Which is by design, e.g. Windows has exactly the same thing.
This means any window in Xorg could be a keylogger, and could spy for passwords or other sensitive data typed in any other window.
Um, nope.
Only applications
that you are running could potentially snoop on other apps that are running on the same display under your UID. Which is completely fine - if you are running the code under your user account, then the fact it could spy on some other window is the least of your problems. By that time it could have easily copied or deleted all your data.
Other applications, running under different user IDs are unable to access your display (whether to snoop the keyboard or display stuff on your screen). Not even applications running as the superuser (root) can snoop on your display using this mechanism without some help (of course, they could do other things).
This is ensured by multiple mechanisms, the most common are the xhost access control (you can allow someone else to access your display) and by the MIT-MAGIC-COOKIE mechanism:
https://stackoverflow.com/questions/37157097/how-does-x11-authorization-works-mit-magic-cookieThe cookies are stored in the .Xauthority file in your home directory and protected by regular file permissions. If the application doesn't present the correct cookie (and if it is an app of some other user, it can't access it), the X server will refuse the connection.

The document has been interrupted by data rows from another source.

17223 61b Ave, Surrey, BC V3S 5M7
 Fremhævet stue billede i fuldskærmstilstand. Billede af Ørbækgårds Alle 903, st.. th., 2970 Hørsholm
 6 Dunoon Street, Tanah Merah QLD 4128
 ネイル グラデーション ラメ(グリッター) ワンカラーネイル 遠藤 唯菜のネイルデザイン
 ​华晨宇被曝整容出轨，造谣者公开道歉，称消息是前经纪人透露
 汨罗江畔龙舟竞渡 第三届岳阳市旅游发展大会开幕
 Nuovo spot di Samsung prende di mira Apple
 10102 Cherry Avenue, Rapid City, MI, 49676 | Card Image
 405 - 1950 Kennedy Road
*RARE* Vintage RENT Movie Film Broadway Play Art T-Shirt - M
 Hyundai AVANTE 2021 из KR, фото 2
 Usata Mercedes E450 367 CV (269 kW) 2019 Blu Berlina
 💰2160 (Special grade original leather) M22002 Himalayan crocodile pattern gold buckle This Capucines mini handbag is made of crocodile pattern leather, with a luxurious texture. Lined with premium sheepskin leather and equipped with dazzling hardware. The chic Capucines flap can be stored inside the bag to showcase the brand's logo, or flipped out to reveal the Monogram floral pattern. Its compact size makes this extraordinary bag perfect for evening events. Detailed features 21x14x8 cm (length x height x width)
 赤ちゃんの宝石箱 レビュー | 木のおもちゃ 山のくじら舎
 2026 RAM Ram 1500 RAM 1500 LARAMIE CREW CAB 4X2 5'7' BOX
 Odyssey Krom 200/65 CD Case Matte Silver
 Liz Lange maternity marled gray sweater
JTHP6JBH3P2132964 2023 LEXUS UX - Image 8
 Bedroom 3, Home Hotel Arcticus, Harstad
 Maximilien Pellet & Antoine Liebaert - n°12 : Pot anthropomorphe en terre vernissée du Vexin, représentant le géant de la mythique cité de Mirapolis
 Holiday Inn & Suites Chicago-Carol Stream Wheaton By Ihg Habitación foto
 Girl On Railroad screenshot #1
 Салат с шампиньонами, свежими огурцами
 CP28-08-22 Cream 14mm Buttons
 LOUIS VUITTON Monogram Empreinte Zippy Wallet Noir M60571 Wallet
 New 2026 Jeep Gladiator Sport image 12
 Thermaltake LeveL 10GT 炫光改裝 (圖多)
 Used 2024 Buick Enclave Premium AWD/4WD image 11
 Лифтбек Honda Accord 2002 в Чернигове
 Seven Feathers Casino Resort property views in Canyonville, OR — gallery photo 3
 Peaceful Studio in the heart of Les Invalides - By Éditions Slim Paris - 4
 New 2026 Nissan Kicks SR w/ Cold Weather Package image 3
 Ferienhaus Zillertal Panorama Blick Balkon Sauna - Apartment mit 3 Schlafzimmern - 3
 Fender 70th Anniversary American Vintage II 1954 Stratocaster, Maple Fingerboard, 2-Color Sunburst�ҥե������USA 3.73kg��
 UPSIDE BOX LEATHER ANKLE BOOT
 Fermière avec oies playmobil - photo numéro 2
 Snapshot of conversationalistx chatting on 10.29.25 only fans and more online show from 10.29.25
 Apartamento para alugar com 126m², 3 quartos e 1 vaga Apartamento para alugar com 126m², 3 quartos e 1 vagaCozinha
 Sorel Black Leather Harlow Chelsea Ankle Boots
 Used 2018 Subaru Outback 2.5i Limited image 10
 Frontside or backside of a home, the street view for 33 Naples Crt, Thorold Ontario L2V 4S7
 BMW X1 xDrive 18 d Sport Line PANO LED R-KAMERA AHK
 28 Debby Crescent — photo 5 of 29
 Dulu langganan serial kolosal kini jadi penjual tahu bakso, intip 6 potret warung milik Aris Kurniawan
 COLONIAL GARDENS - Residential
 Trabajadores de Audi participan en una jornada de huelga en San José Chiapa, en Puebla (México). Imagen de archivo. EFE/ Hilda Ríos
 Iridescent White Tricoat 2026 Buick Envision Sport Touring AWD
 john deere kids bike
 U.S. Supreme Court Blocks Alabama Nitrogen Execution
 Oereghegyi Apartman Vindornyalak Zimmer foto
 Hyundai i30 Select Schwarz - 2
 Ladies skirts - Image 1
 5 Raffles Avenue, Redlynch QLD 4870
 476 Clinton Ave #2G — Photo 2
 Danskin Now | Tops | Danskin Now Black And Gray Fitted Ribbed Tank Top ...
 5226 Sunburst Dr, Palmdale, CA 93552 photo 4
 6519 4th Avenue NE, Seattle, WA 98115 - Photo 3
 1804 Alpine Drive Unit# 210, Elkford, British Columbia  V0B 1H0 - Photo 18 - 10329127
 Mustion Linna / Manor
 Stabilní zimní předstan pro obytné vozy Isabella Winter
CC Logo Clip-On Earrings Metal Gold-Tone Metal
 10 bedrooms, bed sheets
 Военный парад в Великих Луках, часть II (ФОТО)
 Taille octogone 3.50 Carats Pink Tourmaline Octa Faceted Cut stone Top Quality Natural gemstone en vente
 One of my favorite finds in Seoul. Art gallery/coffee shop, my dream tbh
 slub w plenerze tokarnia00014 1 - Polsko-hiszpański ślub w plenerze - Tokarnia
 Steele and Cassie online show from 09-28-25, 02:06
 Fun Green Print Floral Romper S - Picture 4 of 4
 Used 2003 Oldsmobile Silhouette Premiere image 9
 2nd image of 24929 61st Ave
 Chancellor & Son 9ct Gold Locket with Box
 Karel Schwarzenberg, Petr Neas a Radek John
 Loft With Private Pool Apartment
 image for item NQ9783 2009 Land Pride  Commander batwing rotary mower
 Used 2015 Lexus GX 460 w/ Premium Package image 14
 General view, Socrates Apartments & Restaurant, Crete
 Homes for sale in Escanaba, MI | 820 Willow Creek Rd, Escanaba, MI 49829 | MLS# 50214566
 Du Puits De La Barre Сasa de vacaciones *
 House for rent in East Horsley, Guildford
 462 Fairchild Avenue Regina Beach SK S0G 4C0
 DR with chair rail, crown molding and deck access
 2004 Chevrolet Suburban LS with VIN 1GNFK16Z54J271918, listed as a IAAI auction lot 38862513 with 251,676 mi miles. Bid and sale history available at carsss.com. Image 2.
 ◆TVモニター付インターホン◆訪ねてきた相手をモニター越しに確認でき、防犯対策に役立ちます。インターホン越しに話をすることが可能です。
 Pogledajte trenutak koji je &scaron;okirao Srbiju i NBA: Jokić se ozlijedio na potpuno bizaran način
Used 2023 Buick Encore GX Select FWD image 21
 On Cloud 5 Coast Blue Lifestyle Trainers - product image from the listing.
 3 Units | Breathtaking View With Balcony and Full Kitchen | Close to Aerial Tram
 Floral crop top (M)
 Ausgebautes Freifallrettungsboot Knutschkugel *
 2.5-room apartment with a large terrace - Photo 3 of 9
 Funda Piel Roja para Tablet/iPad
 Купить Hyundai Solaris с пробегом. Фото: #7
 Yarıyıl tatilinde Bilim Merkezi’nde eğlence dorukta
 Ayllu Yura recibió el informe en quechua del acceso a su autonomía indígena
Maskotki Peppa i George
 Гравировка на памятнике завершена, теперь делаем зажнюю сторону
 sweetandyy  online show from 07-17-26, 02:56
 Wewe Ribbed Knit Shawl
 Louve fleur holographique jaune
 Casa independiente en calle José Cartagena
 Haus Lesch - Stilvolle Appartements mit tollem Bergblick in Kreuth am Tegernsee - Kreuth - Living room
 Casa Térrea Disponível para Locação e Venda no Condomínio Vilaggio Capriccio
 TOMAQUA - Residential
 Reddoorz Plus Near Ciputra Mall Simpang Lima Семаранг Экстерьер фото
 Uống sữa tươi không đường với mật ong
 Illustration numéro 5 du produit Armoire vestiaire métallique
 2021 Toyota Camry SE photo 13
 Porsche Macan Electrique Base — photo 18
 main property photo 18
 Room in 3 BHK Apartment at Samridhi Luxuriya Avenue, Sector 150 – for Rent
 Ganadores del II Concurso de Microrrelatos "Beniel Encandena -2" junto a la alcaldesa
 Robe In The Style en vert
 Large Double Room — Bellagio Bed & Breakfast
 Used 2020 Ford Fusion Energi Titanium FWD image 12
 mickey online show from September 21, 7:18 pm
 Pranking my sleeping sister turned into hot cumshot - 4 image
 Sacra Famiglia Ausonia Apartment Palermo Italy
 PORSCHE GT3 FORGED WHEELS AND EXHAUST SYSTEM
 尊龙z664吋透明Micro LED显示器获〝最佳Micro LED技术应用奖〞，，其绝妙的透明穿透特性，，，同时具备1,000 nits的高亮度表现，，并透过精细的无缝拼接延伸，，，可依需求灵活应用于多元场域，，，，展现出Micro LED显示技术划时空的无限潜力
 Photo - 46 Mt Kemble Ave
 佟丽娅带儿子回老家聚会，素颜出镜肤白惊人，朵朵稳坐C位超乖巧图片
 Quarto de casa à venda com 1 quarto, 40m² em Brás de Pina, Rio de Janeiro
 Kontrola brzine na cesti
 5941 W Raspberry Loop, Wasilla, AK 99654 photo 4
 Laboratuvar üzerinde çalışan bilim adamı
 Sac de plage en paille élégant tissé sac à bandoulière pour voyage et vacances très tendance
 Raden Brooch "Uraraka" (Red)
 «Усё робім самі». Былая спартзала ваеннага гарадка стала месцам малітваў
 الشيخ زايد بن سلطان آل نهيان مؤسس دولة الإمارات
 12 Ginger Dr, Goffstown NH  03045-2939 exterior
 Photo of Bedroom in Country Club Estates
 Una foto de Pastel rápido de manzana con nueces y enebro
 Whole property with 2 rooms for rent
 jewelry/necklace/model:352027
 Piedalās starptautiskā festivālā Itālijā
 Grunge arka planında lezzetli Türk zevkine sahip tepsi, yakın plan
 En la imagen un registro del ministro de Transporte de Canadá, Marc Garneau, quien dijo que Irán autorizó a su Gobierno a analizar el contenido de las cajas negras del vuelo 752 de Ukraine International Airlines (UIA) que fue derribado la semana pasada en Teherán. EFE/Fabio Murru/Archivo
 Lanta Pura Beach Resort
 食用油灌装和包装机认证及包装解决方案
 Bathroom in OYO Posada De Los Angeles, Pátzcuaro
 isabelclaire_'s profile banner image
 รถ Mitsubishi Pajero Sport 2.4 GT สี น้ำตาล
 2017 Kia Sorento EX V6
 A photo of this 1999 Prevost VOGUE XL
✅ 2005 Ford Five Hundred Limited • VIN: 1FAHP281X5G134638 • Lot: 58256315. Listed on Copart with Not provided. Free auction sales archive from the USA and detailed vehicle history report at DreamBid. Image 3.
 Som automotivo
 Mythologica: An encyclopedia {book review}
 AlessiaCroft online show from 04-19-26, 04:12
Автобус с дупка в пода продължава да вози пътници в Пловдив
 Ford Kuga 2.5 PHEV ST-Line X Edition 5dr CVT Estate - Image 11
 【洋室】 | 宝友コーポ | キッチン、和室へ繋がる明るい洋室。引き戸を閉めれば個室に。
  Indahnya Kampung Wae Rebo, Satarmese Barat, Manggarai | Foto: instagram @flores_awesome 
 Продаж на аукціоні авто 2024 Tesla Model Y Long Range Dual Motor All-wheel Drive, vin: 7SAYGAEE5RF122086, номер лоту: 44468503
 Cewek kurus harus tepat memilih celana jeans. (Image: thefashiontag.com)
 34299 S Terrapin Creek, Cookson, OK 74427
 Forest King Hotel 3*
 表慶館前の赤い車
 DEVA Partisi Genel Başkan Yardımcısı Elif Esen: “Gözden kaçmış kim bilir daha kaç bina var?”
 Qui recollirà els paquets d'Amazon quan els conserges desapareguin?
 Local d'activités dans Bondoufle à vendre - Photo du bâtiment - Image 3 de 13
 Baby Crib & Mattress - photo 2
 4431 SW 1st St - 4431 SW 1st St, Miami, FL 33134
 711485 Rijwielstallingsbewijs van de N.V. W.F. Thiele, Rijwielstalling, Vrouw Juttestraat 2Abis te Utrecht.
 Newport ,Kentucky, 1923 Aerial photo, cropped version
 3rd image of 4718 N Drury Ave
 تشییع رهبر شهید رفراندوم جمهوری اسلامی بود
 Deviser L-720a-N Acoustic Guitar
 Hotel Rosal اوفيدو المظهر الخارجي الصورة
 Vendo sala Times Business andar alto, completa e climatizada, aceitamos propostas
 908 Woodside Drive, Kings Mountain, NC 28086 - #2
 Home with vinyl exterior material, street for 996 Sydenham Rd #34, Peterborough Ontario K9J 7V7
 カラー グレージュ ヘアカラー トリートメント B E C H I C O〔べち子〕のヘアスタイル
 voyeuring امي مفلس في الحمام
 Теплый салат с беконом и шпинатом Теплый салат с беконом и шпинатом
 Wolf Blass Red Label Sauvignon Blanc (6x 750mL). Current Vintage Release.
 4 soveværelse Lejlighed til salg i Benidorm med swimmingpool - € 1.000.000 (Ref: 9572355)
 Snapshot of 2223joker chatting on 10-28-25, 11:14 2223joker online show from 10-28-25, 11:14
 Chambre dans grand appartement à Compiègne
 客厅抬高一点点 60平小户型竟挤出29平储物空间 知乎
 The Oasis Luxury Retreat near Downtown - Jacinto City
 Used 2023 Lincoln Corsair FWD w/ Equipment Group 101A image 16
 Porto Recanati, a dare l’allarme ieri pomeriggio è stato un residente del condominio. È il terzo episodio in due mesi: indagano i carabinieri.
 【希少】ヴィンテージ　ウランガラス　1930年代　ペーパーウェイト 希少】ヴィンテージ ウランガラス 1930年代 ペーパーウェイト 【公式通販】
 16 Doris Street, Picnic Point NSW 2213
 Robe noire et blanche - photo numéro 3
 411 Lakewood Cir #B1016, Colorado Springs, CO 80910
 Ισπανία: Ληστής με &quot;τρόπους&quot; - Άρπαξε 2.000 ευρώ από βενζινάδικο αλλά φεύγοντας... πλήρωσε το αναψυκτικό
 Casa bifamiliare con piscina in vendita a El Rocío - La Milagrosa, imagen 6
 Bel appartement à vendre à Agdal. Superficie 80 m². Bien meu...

Any Linux distro running Xorg is vulnerable to such a trojan, and Xorg is the most widespreaded window server (i.e. Ubuntu comes with Xorg by default).
I don't get it, why the X server was designed like that, and how that nobody complains about such a vulnerability?
Because it is
not a vulnerability - the only windows that are "vulnerable" are those that are running under the same UID as the hypothetical malware, otherwise the malware wouldn't be able to obtain the necessary cookie and connect to the server. I.e. you would have to run the malware yourself.
Furthermore, that mechanism is essential for things like input methods, injecting keystrokes into apps for testing, etc.
Long time ago (and I mean like 25-30 years) when X terminals were still in use and Unix (not Linux) workstations were common, the X servers often shipped widely open, with access control disabled (equivalent to setting "xhost +"). At the time something like malware or spyware was not a threat and these things were used on trusted networks - like companies or university labs, so some heavy security wasn't needed even though the facilities did exist from pretty early on (university students can be very resourceful). On such machines this "attack" was possible - in fact, a common joke was to harass the hapless colleagues by displaying e.g. xeyes on their on screen remotely or messing with their windows. People have learned to put "xhost -" in their login scripts pretty quickly.
Linux distros didn't ship unsecured/open by default X server since at least 20 years ago, possibly longer - I remember the instructions on how to secure XFree86 if you are running it back from the days of Slackware on 20 floppies and never had to do it afterwards.
If someone uses this as an argument for Wayland, they really have no idea what they are talking about. Wayland certainly has benefits - but this isn't the one.